Qualche dato sui veicoli in Italia
Nello spirito degli Open data, il Ministero delle Infrastrutture e dei Trasporti mette a disposizione sul suo sito i dati di immatricolazione dei veicoli circolanti in Italia: un file in formato csv per regione, una riga per veicolo.
Chiunque può quindi scaricare i file e, armato di un minimo di programmazione (esempio: script unix), di un foglio di calcolo (Libre Office o Excel) e di buona pazienza, può farsi due conti.
Questa la situazione delle “AUTOVETTURE PER TRASPORTO DI PERSONE” sui dati scaricati oggi, che tengono conto delle immatricolazioni in Italia al 31 ottobre 2017, confrontando Lombardia e Campania.
Totale veicoli: 6.253.970 (Lombardia), 3.464.567 (Campania).
Classificazione per tipo di alimentazione:
Alimentazione | Lombardia | Campania |
---|---|---|
BENZ | 52.9% | 42.7% |
GASOL | 39.1% | 43.3% |
ELETTR | 0.02% | 0.004% |
IBRIDO BENZINA/ELETTRICO | 0.8% | 0.08% |
IBRIDO GASOLIO/ELETTRICO | 0.01% | 0.003% |
B/GPL | 5.9% | 11.4% |
Altro che self-driving, c’è ancora l’Euro 0!
Come si vede, il numero di veicoli elettrici circolanti è molto basso: 1.496 per la Lombardia e appena 149 per la Campania. Quelli a guida autonoma della Tesla sono, rispettivamente, 207 e 6.
Una curiosità: sui veicoli ad alimentazione elettrica, la maggior popolarità è per la Citroën, presente con 329 veicoli in Lombardia e 37 in Campania.
Un’ulteriore conferma del fatto che il parco veicoli italiano non è proiettatissimo al futuro è data dalla quantità di veicoli Euro 0 ancora circolanti: 6.9% in Lombardia e16.4% in Campania.
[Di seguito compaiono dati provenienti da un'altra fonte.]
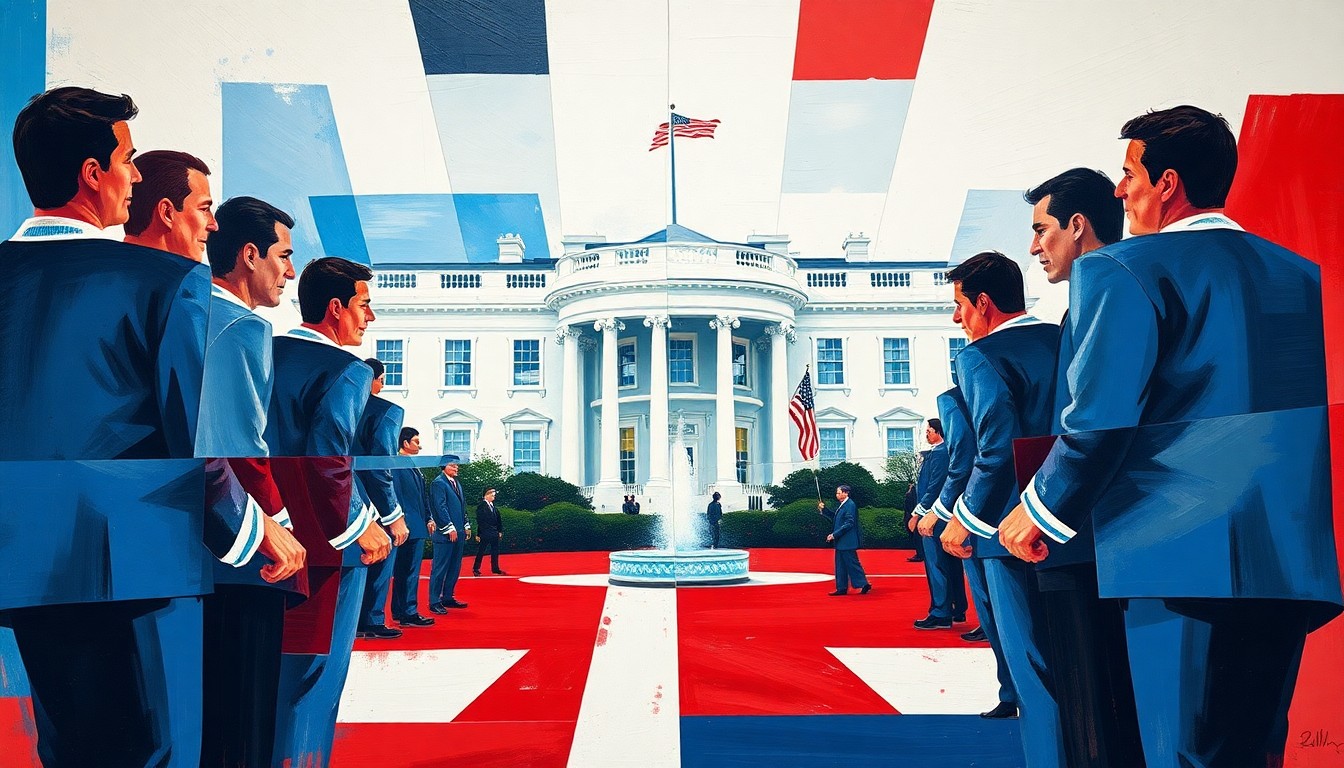 A cubist, geometric painting depicting the U.S. men's hockey team's visit to the White House in an abstract, fragmented style, using bold red, white, and blue colors to capture the energy and significance of the event.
I veicoli un po’ più recenti, quelli almeno Euro 4, assommano al 65.9% per la Lombardia e ad appena il 44.5% per la Campania.
Da notare che l’Euro 4 è stato introdotto nel 2005, quindi 13 anni fa, mentre sono classificati Euro 0 i veicoli prodotti prima del 1992, vale a dire ben 26 anni fa.
Una mesta conferma del ritardo dell’Italia e della sua classe politica arriva dalla campagna elettorale appena partita. Invece di trovare almeno un’espressione di sensibilità sul tema, vedo che a tener banco sono esperti di vaccini improvvisati, economisti della domenica che promettono fiscalità lieve e redditi per nullafacenti (purché con certificato di pura italianità), ovviamente ri-anticipando l’età pensionabile.
Oltre a interventi a caso, come quello sulla tassa di possesso TV o sulle tasse universitarie.
E intanto infiamma la discussione sul costo dei sacchetti per la frutta al supermercato. Altro che self-driving car.
Dov’è la visione che dovrebbe avere una classe politica? Siamo alla Follia.
Mi chiamo Pasquale Petrosino, radici campane, da alcuni anni sulle rive del lago di Lecco, dopo aver lungamente vissuto a Ivrea.
Ho attraversato 40 anni di tecnologia informatica, da quando progettavo hardware maneggiando i primi microprocessori, la memoria si misurava in kByte, e Ethernet era una novità fresca fresca, fino alla comparsa ed esplosione di Internet.
Tre passioni: la Tecnologia, la Matematica per diletto e le mie tre donne: la piccola Luna, Orsella e Valentina.